START Source information

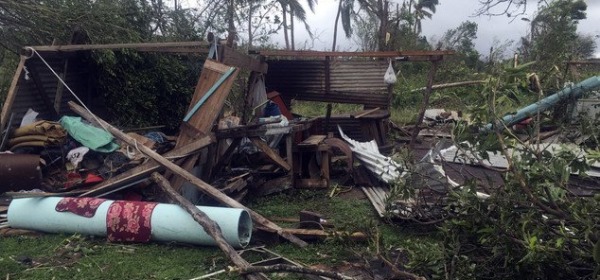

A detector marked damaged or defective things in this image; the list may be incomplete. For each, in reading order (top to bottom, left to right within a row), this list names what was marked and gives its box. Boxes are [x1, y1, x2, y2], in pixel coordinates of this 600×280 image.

rusty metal sheet [0, 153, 42, 192]
broken timber [68, 101, 308, 247]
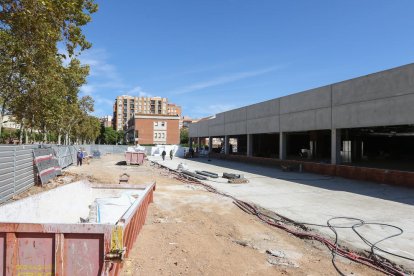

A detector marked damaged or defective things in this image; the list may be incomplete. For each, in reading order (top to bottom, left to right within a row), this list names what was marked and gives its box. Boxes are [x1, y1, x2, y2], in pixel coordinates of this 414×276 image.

rusty metal container [0, 180, 155, 274]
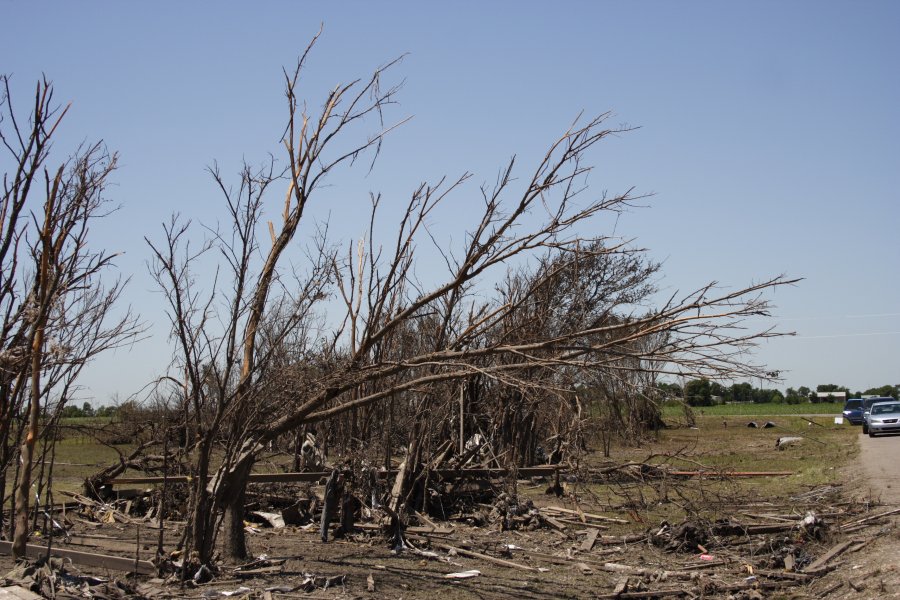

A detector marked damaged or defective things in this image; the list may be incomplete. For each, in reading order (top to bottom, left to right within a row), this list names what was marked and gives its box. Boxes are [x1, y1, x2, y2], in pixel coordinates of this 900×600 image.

broken wooden plank [0, 540, 156, 576]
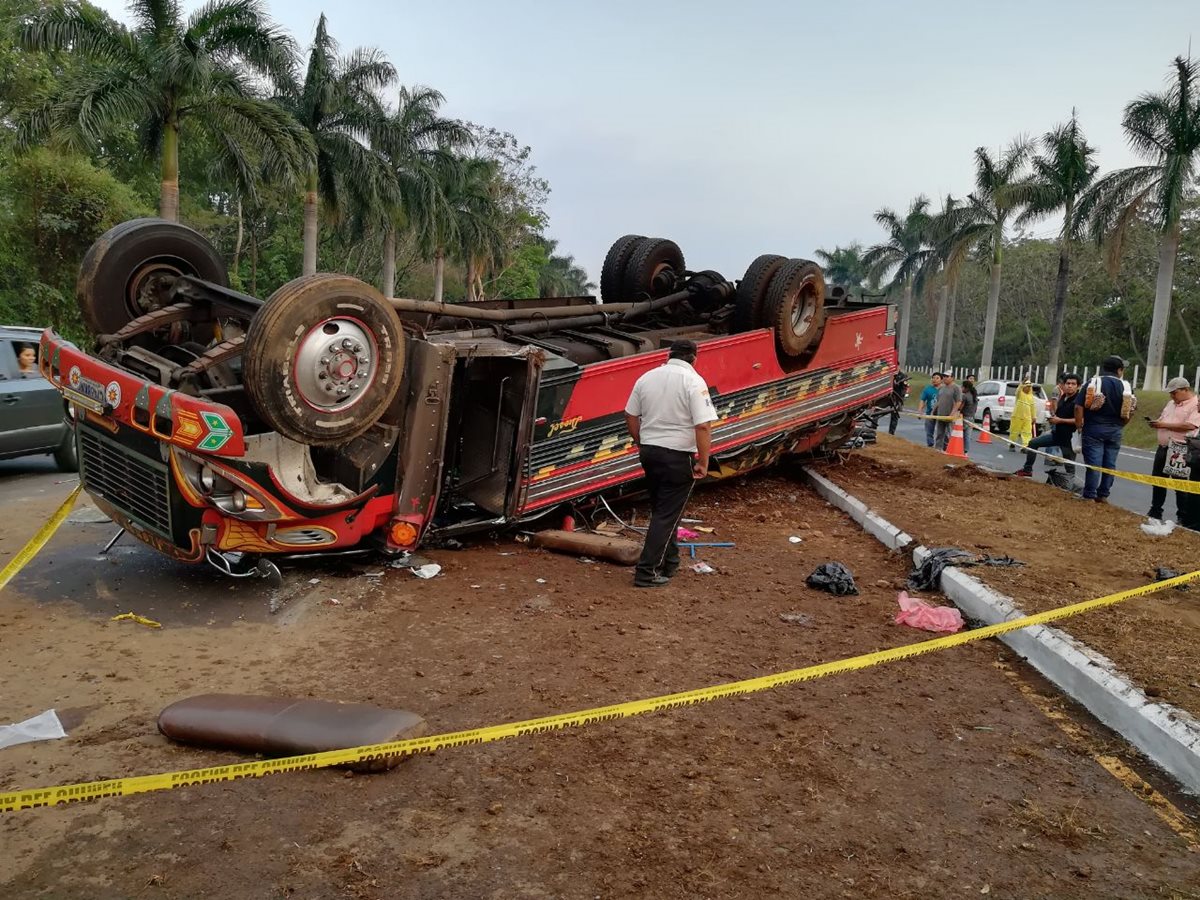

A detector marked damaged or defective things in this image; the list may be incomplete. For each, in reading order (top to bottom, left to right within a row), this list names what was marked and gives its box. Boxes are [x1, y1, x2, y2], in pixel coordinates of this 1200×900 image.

overturned red bus [37, 220, 897, 573]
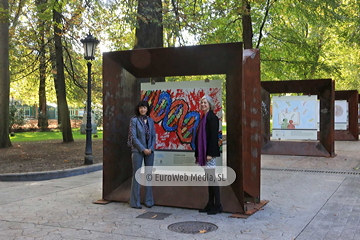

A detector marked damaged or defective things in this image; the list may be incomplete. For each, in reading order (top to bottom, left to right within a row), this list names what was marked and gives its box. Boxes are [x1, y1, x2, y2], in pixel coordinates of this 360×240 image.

rusted steel sculpture frame [102, 43, 262, 214]
rusted steel sculpture frame [260, 79, 336, 157]
rusted steel sculpture frame [334, 91, 358, 142]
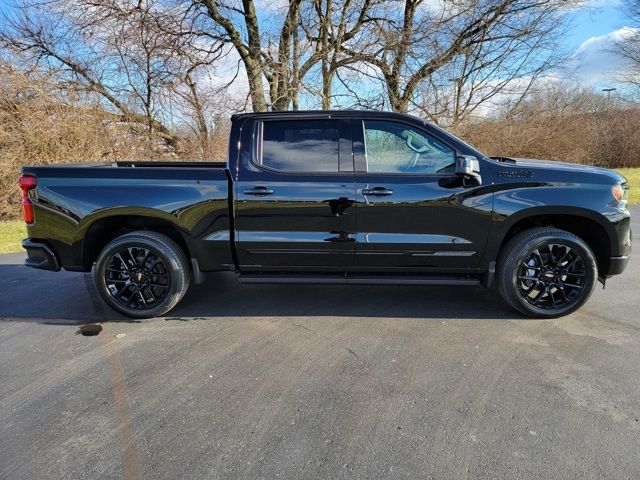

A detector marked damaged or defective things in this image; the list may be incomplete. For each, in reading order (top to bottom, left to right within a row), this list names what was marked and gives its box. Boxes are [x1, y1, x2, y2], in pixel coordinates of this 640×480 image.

cracked asphalt [1, 211, 640, 480]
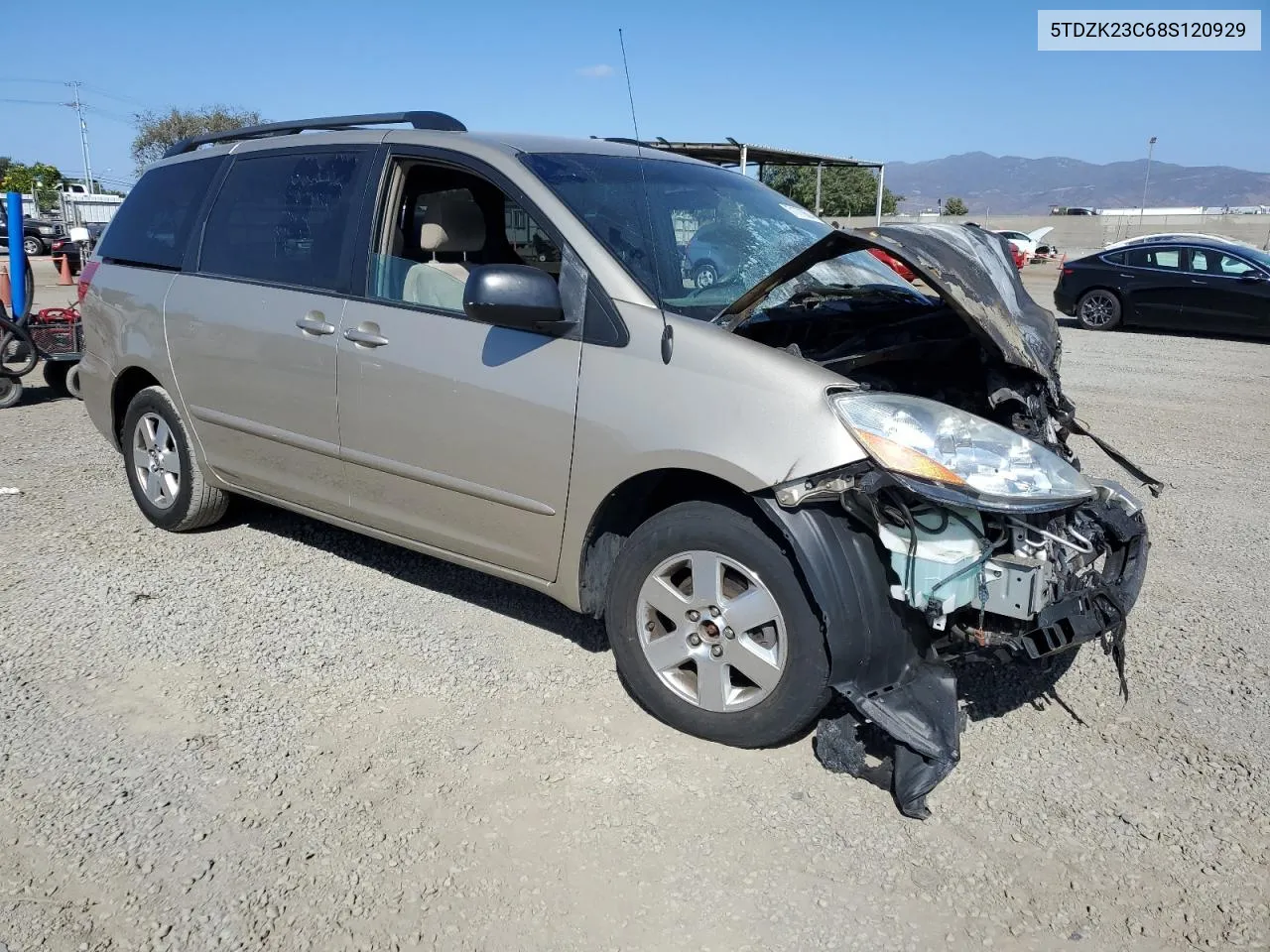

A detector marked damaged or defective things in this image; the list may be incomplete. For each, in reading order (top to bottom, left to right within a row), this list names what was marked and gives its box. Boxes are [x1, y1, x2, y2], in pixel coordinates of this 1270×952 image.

crumpled hood [715, 223, 1062, 383]
torn fender liner [751, 500, 959, 822]
damaged front end [736, 225, 1163, 822]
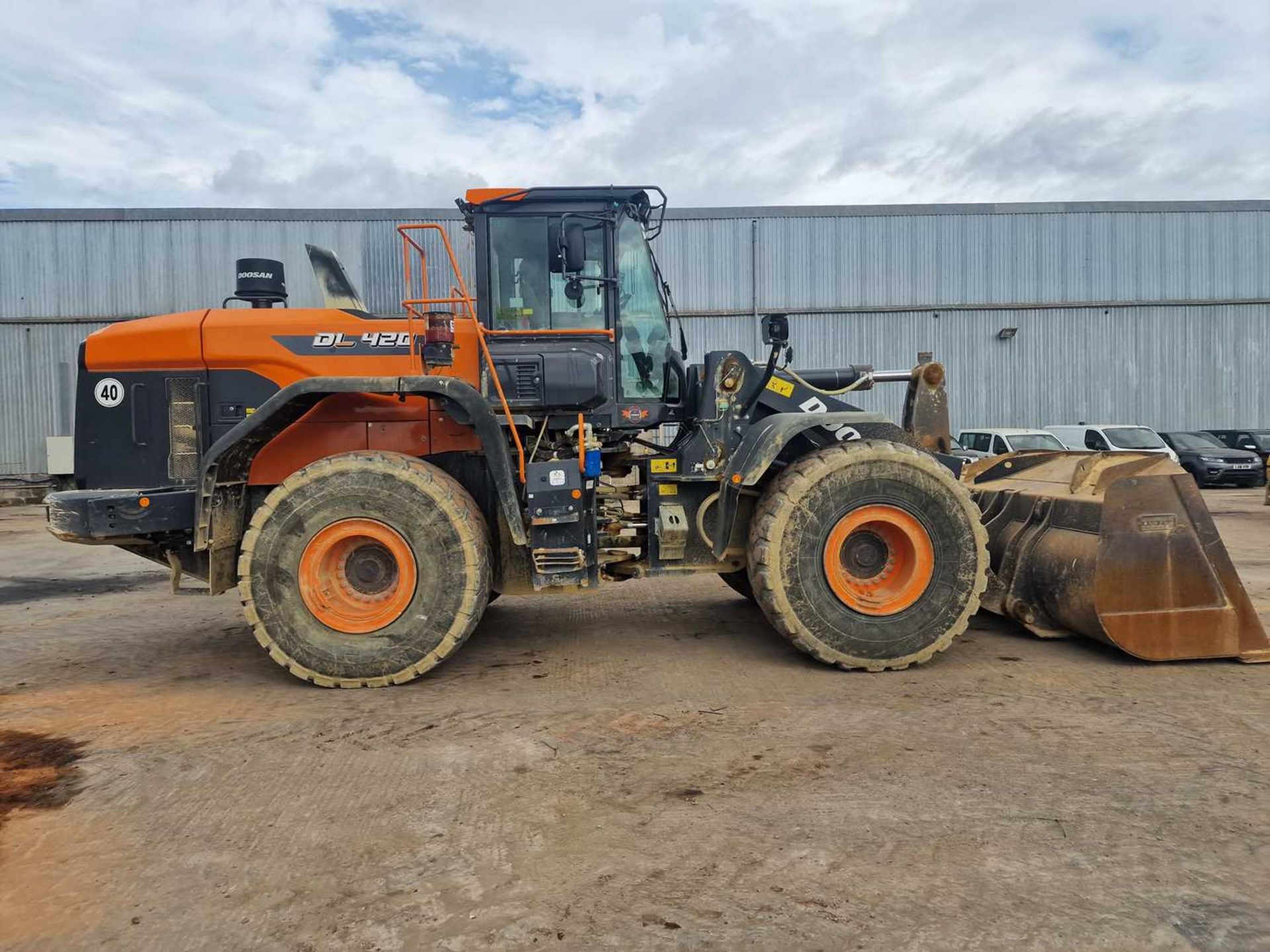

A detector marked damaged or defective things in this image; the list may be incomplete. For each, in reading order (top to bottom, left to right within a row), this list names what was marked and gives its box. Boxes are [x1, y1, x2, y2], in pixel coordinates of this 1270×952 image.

rusty bucket cutting edge [960, 452, 1270, 665]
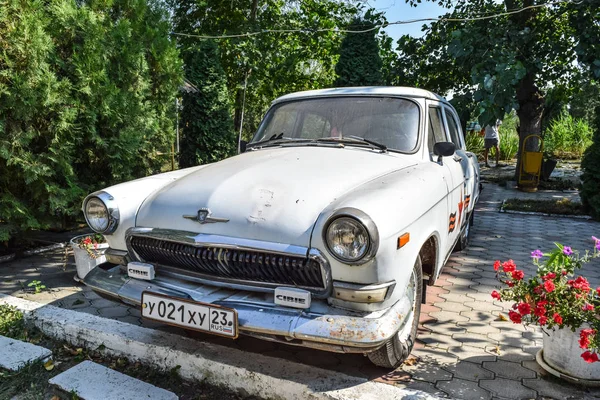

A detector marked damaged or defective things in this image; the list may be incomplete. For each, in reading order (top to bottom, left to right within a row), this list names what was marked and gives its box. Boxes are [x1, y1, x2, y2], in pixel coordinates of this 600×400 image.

rusty lower body panel [83, 264, 412, 354]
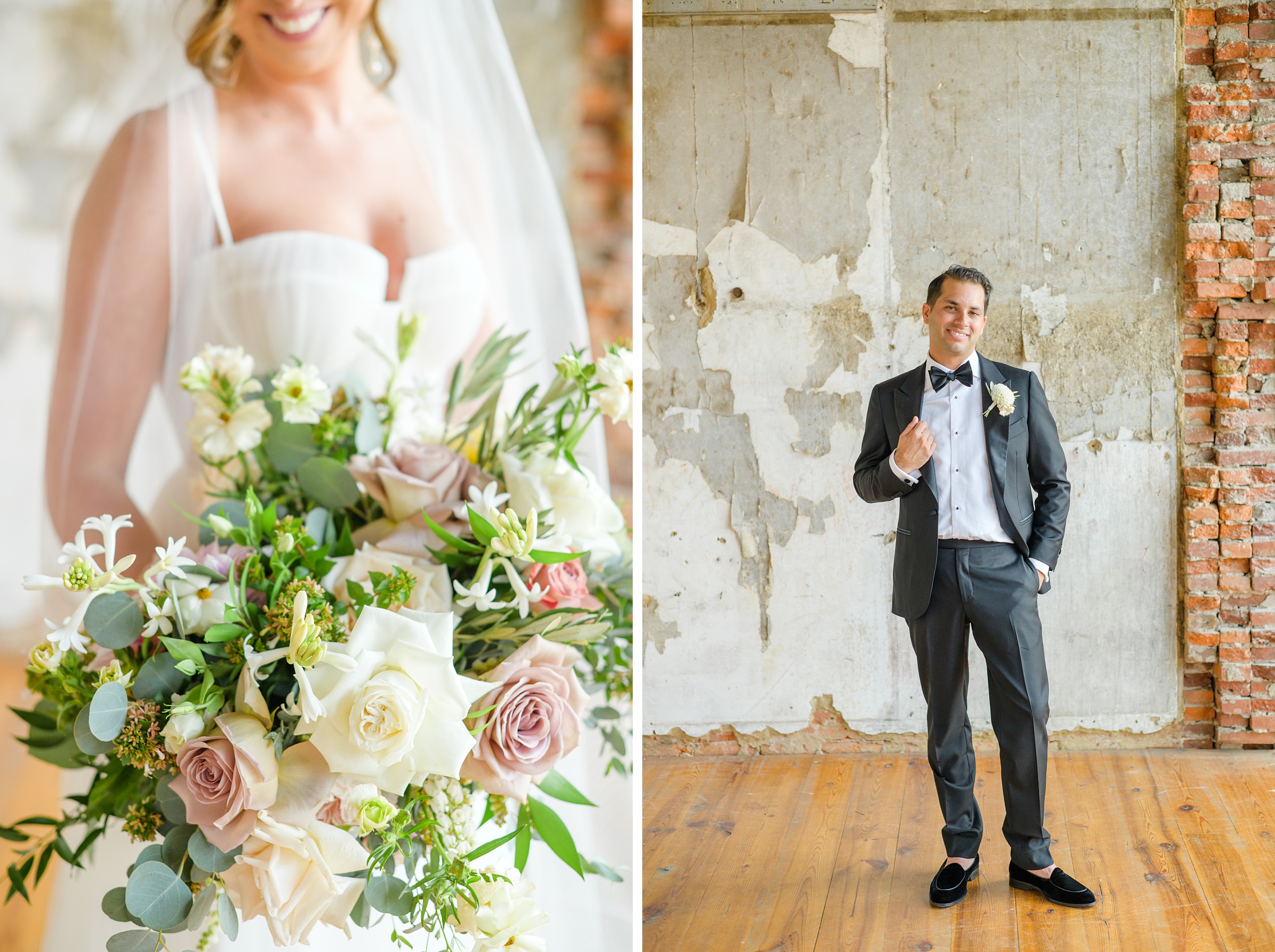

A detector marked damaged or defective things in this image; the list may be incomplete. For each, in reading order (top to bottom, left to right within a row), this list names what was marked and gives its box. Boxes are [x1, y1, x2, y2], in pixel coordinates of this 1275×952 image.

peeling plaster wall [642, 2, 1182, 735]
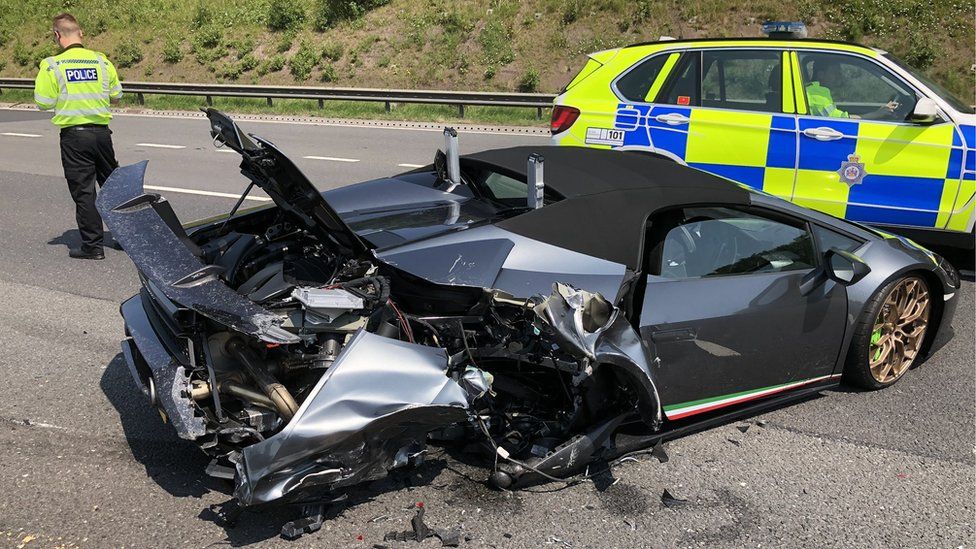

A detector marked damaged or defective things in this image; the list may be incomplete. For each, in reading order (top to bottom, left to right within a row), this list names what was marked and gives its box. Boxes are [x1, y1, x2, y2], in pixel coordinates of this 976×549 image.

wrecked lamborghini [101, 109, 960, 512]
crumpled front end [233, 330, 468, 506]
torn bumper [234, 330, 468, 506]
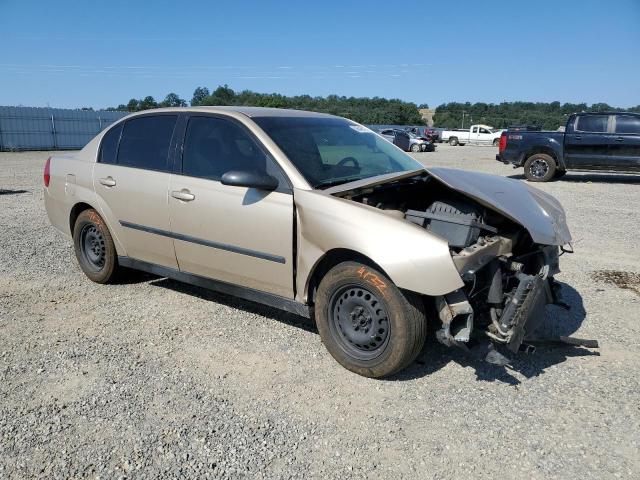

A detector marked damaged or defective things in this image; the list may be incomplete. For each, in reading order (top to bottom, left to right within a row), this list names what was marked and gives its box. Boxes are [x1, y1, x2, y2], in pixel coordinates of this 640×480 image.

crumpled hood [428, 168, 572, 244]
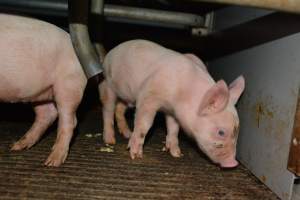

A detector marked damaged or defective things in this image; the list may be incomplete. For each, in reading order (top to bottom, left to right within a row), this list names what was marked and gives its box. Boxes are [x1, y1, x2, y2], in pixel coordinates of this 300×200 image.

rusty metal panel [207, 32, 300, 199]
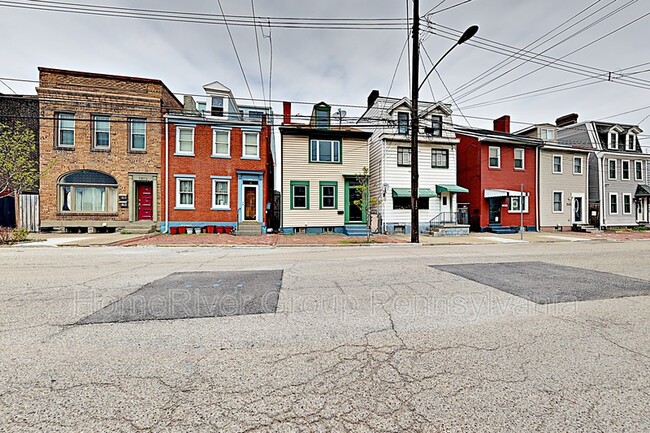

END Source information

## Exercise prompt
Starting with the line that contains "this 600×400 image.", reproduce every line down to the end of the listing above, both endpoints included. Pictures stay out.

## Answer area
A detector marked damaged or defective things in this image; the list may be incomplete. For each, in reading order (top to bottom, left to right within a row), this list names what was marked and gives its box. Boxes are [x1, y1, x2, y2], in pixel coordinates of this 600×400 image.

rusty lower body panel [83, 264, 412, 354]

A detector marked damaged or defective things in this image; the list may be incomplete. For each, in reading order (top to bottom, left to right within a row), this list names what was marked and gives its box. Boxes are [x1, y1, x2, y2], in pixel coordinates of this 1275×952 image.

peeling plaster wall [642, 2, 1182, 735]

A detector marked damaged or defective things in this image; the list may be incomplete. For each, in reading order (top to bottom, left to right within a row), this list names what was marked and gives its box. Boxes are [x1, y1, x2, y2], in pixel coordinates of this 976×549 image.

wrecked lamborghini [101, 109, 960, 512]
crumpled front end [233, 330, 468, 506]
torn bumper [234, 330, 468, 506]

A detector marked damaged or defective things in this image; the list may be incomplete. For each, in reading order (top to bottom, left to right within a row), this list names what was marked and gives its box. Boxes are [x1, y1, x2, y2], in pixel coordinates of this 640×480 image.

crumpled hood [428, 168, 572, 244]

A detector marked damaged or defective things in this image; the list may be incomplete. For each, in reading order (top to bottom, left to right within a row), this list names what was marked and gives its box. Boxes are [x1, y1, x2, y2], in pixel coordinates of this 300×200 image.

rusty metal panel [207, 32, 300, 199]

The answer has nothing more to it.